A esos matrimonios gays con hijos ya no, ojo, porque ellos ya no son diferentes. Ya son como los demás. Como las familias nucleares heteronormativas. El gris ganó. Qué triste final para una historia tan emocionante.

¿Recordáis cuando el obispo de Alcalá de Henares dijo que los homosexuales “van a clubs de hombres nocturnos y encuentran el infierno”? Pues la figura de los “hombres nocturnos” ME ENCANTÓ. Gracias, obispo de Alcalá de Henares, por regalarnos semejante perla literaria. ¿Qué es un hombre nocturno? ¿Es un vampiro? ¿Es un fantasma? ¿Es un sereno como los que aparecían en las historietas de Zipi y Zape? ¿Es un zombie, un robot, una momia, un superhéroe? Siempre me he imaginado así a los hombres nocturnos. Si el hombre diurno de bien es el que cumple un horario de nueve a siete para llevar el pan a casa, yo seré un hombre nocturno, gracias. Seré esa criatura misteriosa que se mueve entre las sombras, no el oficinista que se afloja la corbata derrotado en el metro de camino a casa.

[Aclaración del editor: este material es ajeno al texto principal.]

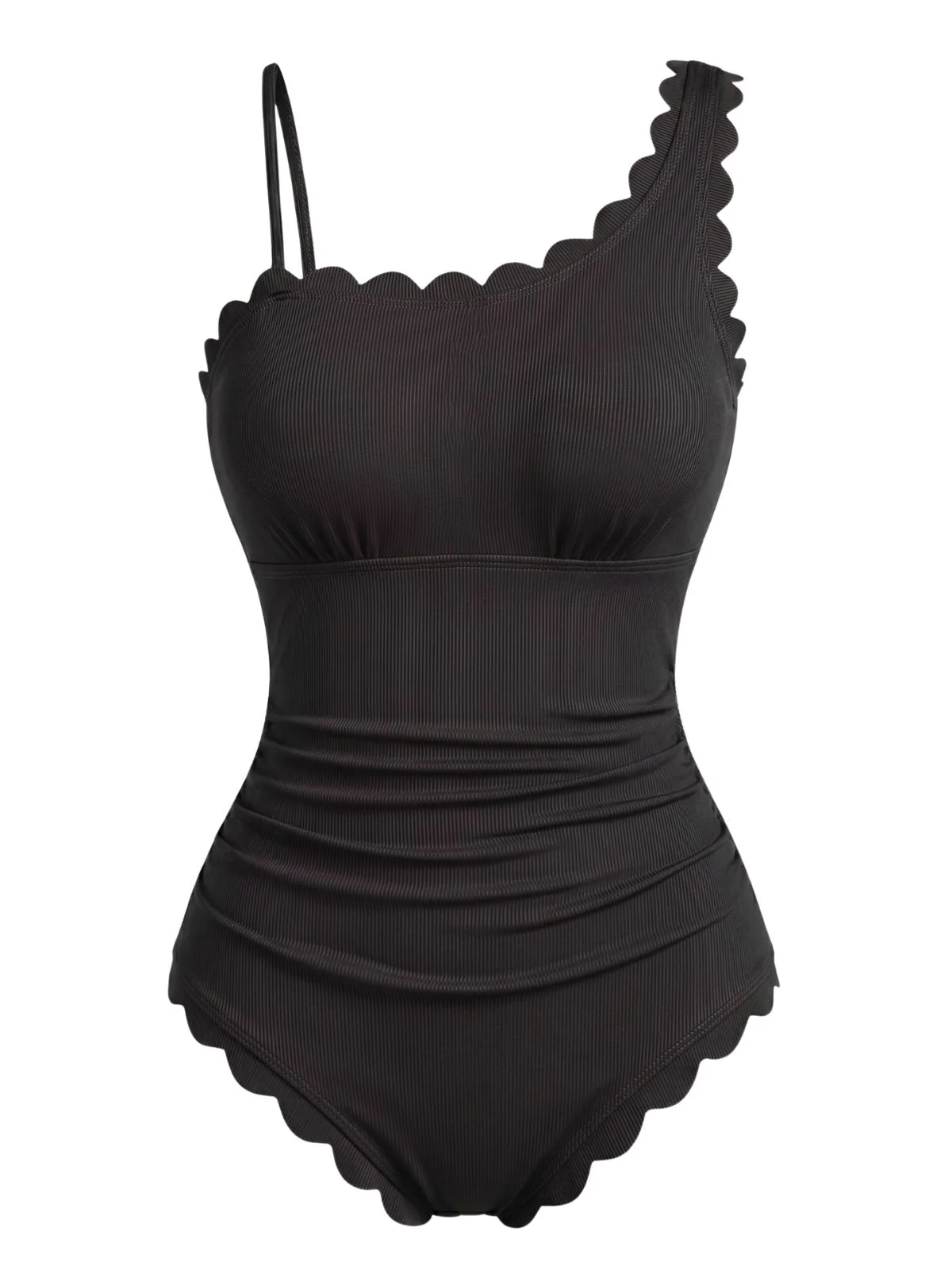 1950s Ruffle Solid Cut-Out Slim Swimsuit - Image 8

De pequeño me imaginé a los homosexuales como hombres nocturnos, precisamente. Y no porque estuviesen en saunas o clubs de travestis –que también, por qué no–, sino porque me imaginaba al homosexual como una mezcla de todo eso que he mencionado en el párrafo anterior: el vampiro, el fantasma, el superhéroe. Y todos sabemos que los superhéroes no tienen parejas ni hijos. Tienen mucho que hacer.

Ganar derechos está muy bien. Que hoy se pueda adoptar legalmente al hijo de tu pareja y así se eviten dramas está muy bien. El matrimonio está muy bien, ¿cómo voy a estar en contra? Estoy a favor a la vez que estoy en contra, porque lo opuesto sería ponerme del lado oscuro, del lado de los que nos quieren pisar. ¿Pero sabéis cuál era mi sueño? Que la población LGTBQI hubiese ganado ese derecho a casarse… ¡pero nadie lo hiciera!

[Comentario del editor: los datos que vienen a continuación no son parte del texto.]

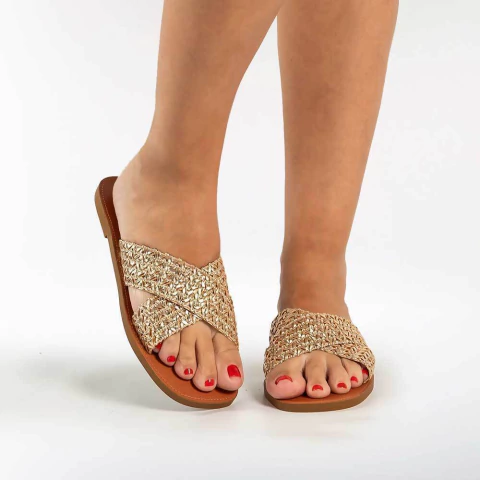 Rasteira Cruzada Lane Ouro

Eso hubiese sido increíble. Que tuviesen por fin acceso a las normas sociales, pero que las dinamitasen. Que pudiendo acceder al amor burocrático y oficial, prefiriesen el amor libre. La falta de responsabilidades. Dar la espalda a ese concepto tan corrupto llamado “madurez”. Molestar a los bienpensantes, a los que siempre nos odiaron. Decirles: “Gracias por aceptarnos en vuestro grupo, pero no”.

Dicho todo esto, querido lector gay, lesbiana, transexual, bisexual, intersexual, queer: Cásate si lo deseas, claro que sí. Ten hijos si lo deseas, claro que sí. La libertad individual es lo primero. Solo es que yo esperaba otra cosa de todos nosotros. Una revolución social, no burguesa. Pero tal vez la culpa es mía. ¿Por qué teníamos que ser nosotros salvadores y símbolo de nada con lo cómodo que es fundirse con el paisaje? ¿Por qué nosotros no tenemos derecho a llevar vidas tan grises y tristes como todos los demás? ¿Por qué no íbamos a poder nosotros morir cada día en la rutina? Probablemente esa es la verdadera igualdad que buscábamos. Esa es la victoria. Eso sí, a mí me parece amarga.